Benar kata orang bahwa hari apes itu tidak ada di dalam kalender. Dan, satu lagi ; serapat-rapatnya menyimpan rahasia pasti suatu saat orang-orang juga akan mengetahuinya.
Niat hati menerima ajakan Dokter Rain pergi ke kedai es krim, Apia justru menjadi korban dalam sebuah insiden kecelakaan kecil di parkiran rumah sakit.
Secara tidak sengaja sebuah mobil menyerempet tubuh Apia hingga membuat Apia jatuh sampai tak sadarkan diri.
Yang pertama kali Apia lihat ketika terbangun adalah raut wajah datar Dina. Sekuat tenaga Apia berusaha memanggil, “M—mbak Dina..”
Jika biasanya Dina selalu tersenyum saat namanya dipanggil oleh Apia, maka pengecualian saat ini karena raut wajah datar Dina tetap bertahan di sana.

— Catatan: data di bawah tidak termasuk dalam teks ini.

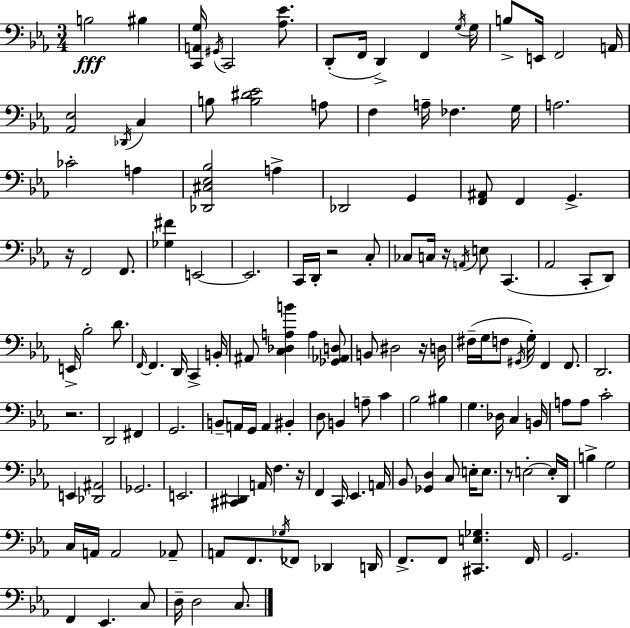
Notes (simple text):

B3/h BIS3/q [C2,A2,G3]/s G#2/s C2/h [Ab3,Eb4]/e. D2/e F2/s D2/q F2/q G3/s G3/s B3/e E2/s F2/h A2/s [Ab2,Eb3]/h Db2/s C3/q B3/e [B3,D#4,Eb4]/h A3/e F3/q A3/s FES3/q. G3/s A3/h. CES4/h A3/q [Db2,C#3,Eb3,Bb3]/h A3/q Db2/h G2/q [F2,A#2]/e F2/q G2/q. R/s F2/h F2/e. [Gb3,F#4]/q E2/h E2/h. C2/s D2/s R/h C3/e CES3/e C3/s R/s A2/s E3/e C2/q. Ab2/h C2/e D2/e E2/s Bb3/h D4/e. F2/s F2/q. D2/s C2/q B2/s A#2/e [C3,Db3,A3,B4]/q A3/q [Gb2,Ab2,D3]/e B2/e D#3/h R/s D3/s F#3/s G3/s F3/e G#2/s G3/s F2/q F2/e. D2/h. R/h. D2/h F#2/q G2/h. B2/e A2/s G2/s A2/q BIS2/q D3/e B2/q A3/e C4/q Bb3/h BIS3/q G3/q. Db3/s C3/q B2/s A3/e A3/e C4/h E2/q [Db2,A#2]/h Gb2/h. E2/h. [C#2,D#2]/q A2/s F3/q. R/s F2/q C2/s Eb2/q. A2/s Bb2/e [Gb2,D3]/q C3/e E3/s E3/e. R/e E3/h E3/s D2/s B3/q G3/h C3/s A2/s A2/h Ab2/e A2/e F2/e. Gb3/s FES2/e Db2/q D2/s F2/e. F2/e [C#2,E3,Gb3]/q. F2/s G2/h. F2/q Eb2/q. C3/e D3/s D3/h C3/e.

Apia belum bisa berpikir tentang kenapa? dan mengapa?. Tapi firasat Apia mengatakan bahwa telah terjadi sesuatu hingga membuat Dina tak menunjukkan senyumnya sedikitpun.
“Akhirnya kamu bangun juga. Kamu ingat dengan apa yang terjadi padamu sebelumnya?” tanya Dina membuat Apia harus menggali ingatannya.
“Ssshh..kepala saya pusing banget, Mbak,” keluh Apia yang sejak terbangun tadi sebenarnya sudah merasa pusing. Kini rasa itu bertambah sebab Apia memaksakan dirinya untuk mengingat yang samar-samar.
“Saya cuman ngerasa tubuh saya didorong sesuatu, entah apa? Saya enggak tahu pastinya. Tapi habis itu semuanya gelap, Mbak.” Begitu kata Apia setelah berusaha keras mengingat apa yang menimpanya sampai membuatnya harus terbaring lemah di atas brankar rumah sakit seperti ini.
Antara iba tapi juga marah, Dina dengan ketus menyahut, “Jelas pusing karena dahimu luka, Pia. Sudah jangan dipegang-pegang perbannya, nanti lepas. Kamu habis keserempet mobil tadi.”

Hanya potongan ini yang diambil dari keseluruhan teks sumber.